Chacune de ces grandes disciplines s’est subdivisé en sous-disciplines qui ont créé autant de compartiments. Faute d’un point de vue extérieur global, c’était l’étude de la terre «en morceaux» qui s’imposait : un véritable puzzle.
Or pour comprendre la dynamique du climat, c’est la Terre dans son ensemble et les interactions entre les compartiments qui la composent qu’il faut considérer ; il faut donc rassembler les morceaux. D’où l’obligation pour répondre au problème climatique de faire converger ces disciplines sur ce nouvel objet scientifique «la dynamique du climat».
La logique disciplinaire et la compétition que la programmation scientifique instituait de fait entre les disciplines y faisaient obstacle. Il fallut la prise en compte sociale et politique du problème climatique pour que nationalement et internationalement la science s’organise pour répondre à ce défi.
C’est donc un entrecroisement, une interaction constante entre les logiques scientifiques d’une part et les préoccupations sociales et politiques d’autre part qui ont rendu possible cette émergence de la problématique climatique. Une première dans l’histoire des sciences.
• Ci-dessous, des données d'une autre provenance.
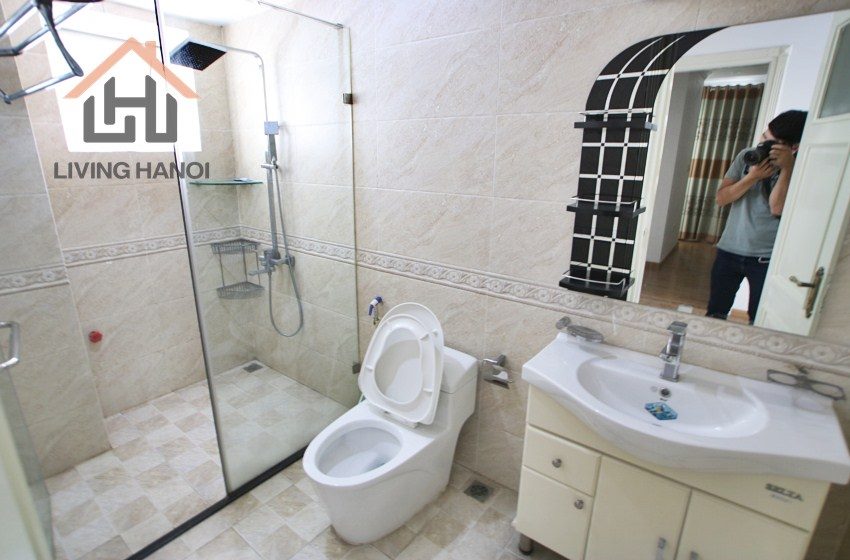VINHOMES RIVERSIDE – Lake view villa with big yard and terrace area available for rent VINHOMES RIVERSIDE – Lake view villa with big yard and terrace area available for rent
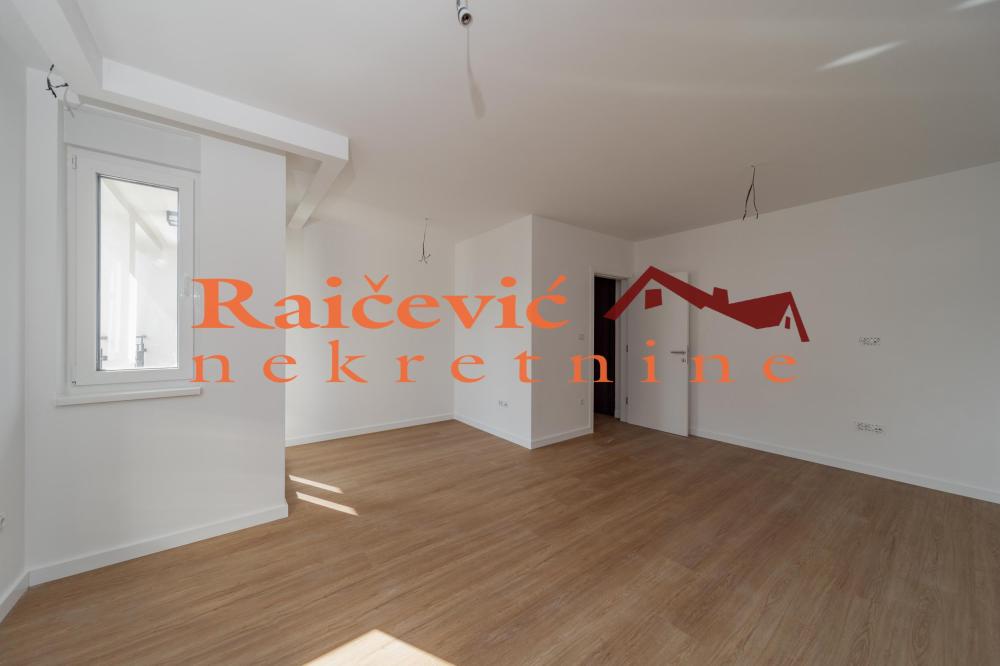 Slika 5 - Dusanovac, Petosoban stan na prodaju, 162m2, 388.000€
Cette période représente au sens propre un tournant historique pour l’humanité, véritable mutation des rapports de l’homme avec la nature et la planète Terre qui la porte. Elle n’est plus le réservoir immuable de ressources illimitées à la disposition de l’espèce humaine. Espèce humaine qui, se découvrant élément constitutif parmi d’autres du système Terre, doit apprendre à le cogérer pour y vivre dans les meilleurs conditions possibles.